Locate the line that contains "青岛老炸肉-开海·红岛海鲜虾水饺(石老人店)". Print it and each following line through the end of the listing, verbatim, and nothing more.

***

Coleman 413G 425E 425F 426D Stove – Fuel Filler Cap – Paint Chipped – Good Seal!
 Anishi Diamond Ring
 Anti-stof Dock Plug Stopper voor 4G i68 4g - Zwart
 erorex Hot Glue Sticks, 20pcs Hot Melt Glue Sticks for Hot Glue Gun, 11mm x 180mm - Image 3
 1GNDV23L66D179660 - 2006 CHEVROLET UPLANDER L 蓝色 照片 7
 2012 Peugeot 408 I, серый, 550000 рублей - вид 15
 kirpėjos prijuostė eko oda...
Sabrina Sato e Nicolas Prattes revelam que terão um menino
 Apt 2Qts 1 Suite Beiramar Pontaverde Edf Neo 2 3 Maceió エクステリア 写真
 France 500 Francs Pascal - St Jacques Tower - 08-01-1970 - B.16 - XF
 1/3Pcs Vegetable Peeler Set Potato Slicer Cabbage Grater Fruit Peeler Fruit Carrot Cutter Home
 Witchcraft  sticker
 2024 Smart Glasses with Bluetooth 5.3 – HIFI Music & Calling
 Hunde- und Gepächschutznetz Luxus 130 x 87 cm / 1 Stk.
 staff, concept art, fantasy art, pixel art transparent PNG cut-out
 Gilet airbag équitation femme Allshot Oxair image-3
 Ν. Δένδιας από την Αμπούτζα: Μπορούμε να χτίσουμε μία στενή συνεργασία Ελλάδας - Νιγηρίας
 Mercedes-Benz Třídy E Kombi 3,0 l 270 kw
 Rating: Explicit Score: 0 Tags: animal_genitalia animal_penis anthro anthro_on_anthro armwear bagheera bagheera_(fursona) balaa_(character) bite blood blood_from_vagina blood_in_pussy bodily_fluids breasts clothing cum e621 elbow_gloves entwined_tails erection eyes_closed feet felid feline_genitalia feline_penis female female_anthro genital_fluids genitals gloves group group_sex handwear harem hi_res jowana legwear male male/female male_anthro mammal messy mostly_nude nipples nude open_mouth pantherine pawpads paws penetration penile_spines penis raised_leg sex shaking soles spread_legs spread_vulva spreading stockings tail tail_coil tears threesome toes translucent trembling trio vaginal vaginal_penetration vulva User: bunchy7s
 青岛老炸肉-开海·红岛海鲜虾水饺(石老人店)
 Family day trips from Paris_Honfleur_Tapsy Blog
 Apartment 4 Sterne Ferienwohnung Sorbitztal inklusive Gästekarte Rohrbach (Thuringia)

***

# Response to this task
 青岛老炸肉-开海·红岛海鲜虾水饺(石老人店)
 Family day trips from Paris_Honfleur_Tapsy Blog
 Apartment 4 Sterne Ferienwohnung Sorbitztal inklusive Gästekarte Rohrbach (Thuringia)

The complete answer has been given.